Nulla eccetto Dora. Tutti gli altri personaggi riservano a noi, come a Dora, sorprese che di primo acchito non ci piaceranno… Nulla, ad un certo punto, sarà più come ci appariva, almeno fino a quando non comprenderemo, come fa Dora attraversando il dolore della scoperta della – anzi delle – menzogna, che l’identità è un’altra cosa: non è ciò che si è davvero ma ciò che si desidera essere e che si prova con tutto il proprio essere ad essere.

E siccome poi le associazioni mentali vanno a ruota libera e il pensiero e la riflessione sull’identità portano lontano a me, leggendo Dora, è tornato subito alla mente il verso di Romeo e Giulietta “Quella che chiamiamo “rosa” anche con un altro nome avrebbe il suo profumo”. Il papà di Dora forse non è un jazzista vero ma è ciò che vorrebbe e potrebbe essere, la mamma di Dora forse non è una cantante in tourneè ma è ciò che vorrebbe e potrebbe essere, e via così, per tutti. Per tutti tranne che per Dora che immagina la vita come un pianoforte e con un pianoforte sblocca la situazione; con un pianoforte capisce la verità, e con le melodie sperimentali, non sempre melodiche, del vecchietto vicino di casa grande pianista (ammesso che sia vero) costruisce la propria idea di famiglia ma anche di verità e… di musica.
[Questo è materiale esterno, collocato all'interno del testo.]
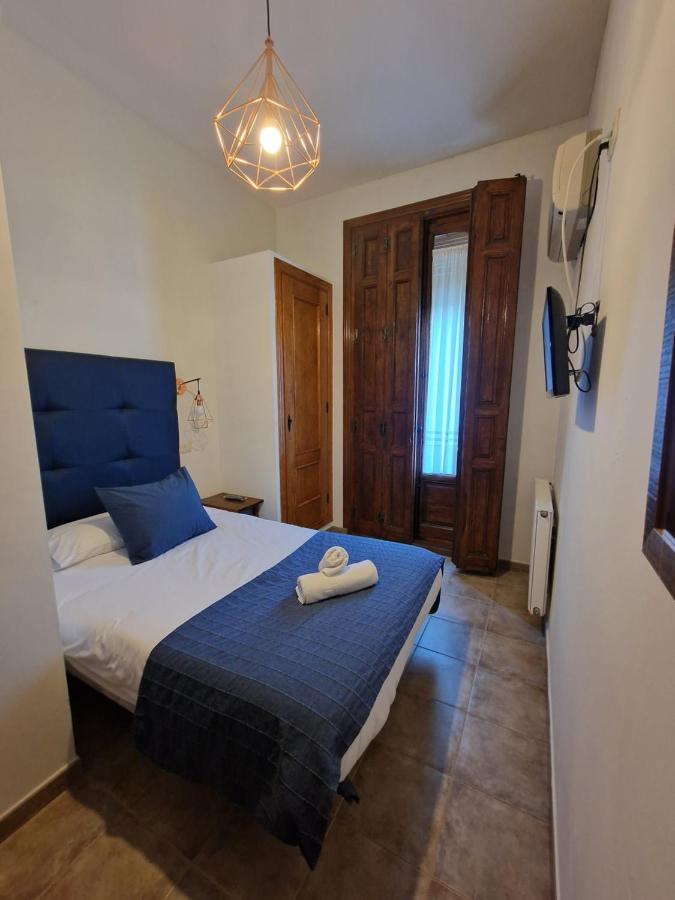 Hostal La Colonial Madrigal de la Vera Εξωτερικό φωτογραφία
Tutto ruota attorno al pianoforte ma non è lui il protagonista del racconto ed è questo che non ne fa un racconto posticcio per mediare una divulgazione, ma ne fa un vero racconto che i lettori possono amare a priori, senza sovrastrutture, con l’ingenuità che il lettore deve avere.

Farò finta in chiusura di non notare che il nome di Dora assomiglia molto alle prime due note musicali, giochi da burlone come a Corradini piace fare ed essere, o forse anche no.

Non è la prima volta che Matteo Corradini mette insieme scrittura e musica e non penso solo ai tanti belli spettacoli che porta in giro per l’Italia e che speriamo tornerà a portare in giro dopo questa maledetta pandemia; penso anche al bel romanzo che è Improvviso scherzo notturno edito da Rue Ballu, un espediente narrativo, di genere un po’ giallo un po’ noir, per raccontare la musica e la vita di Chopin prendendola in diagonale.

Ecco, la scrittura di Matteo Corradini sa che si può raccontare qualsiasi cosa, e credo nessuno come lui sappia davvero dato tutto il lavoro immenso sulla Shoah, purché si scelga una diagonale da cui approcciare la narrazione. Una breccia, una soglia, un qualcosa di inatteso che accende la curiosità del lettore e dell’ascoltatore perché non è cosa racconti ma è come lo racconti che fa la differenza, ma questo voi, teste fiorite che mi seguite da così lungo tempo con infinita pazienza, lo sapete già!